> [PROBLEM STATEMENT]:
Below are records; reproduce exactly the lines from the one that has "MINIBY 3in1 - אופני" through the one that has "Afbeelding van Aiyaplay", ends included, and nothing more.

> [AVAILABLE RECORDS]:
::::::

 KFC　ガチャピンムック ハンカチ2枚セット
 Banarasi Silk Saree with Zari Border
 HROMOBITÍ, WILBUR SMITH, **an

::::::

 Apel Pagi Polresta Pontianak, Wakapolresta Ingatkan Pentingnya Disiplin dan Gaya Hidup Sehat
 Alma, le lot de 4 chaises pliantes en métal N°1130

::::::

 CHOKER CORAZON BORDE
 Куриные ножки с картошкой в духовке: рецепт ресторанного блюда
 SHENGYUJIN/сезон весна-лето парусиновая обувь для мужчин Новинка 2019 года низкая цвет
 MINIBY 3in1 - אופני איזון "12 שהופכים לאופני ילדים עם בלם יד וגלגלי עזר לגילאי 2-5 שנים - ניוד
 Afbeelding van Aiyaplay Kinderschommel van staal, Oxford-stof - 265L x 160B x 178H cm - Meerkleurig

::::::

> [TASK RESULT]:
 MINIBY 3in1 - אופני איזון "12 שהופכים לאופני ילדים עם בלם יד וגלגלי עזר לגילאי 2-5 שנים - ניוד
 Afbeelding van Aiyaplay Kinderschommel van staal, Oxford-stof - 265L x 160B x 178H cm - Meerkleurig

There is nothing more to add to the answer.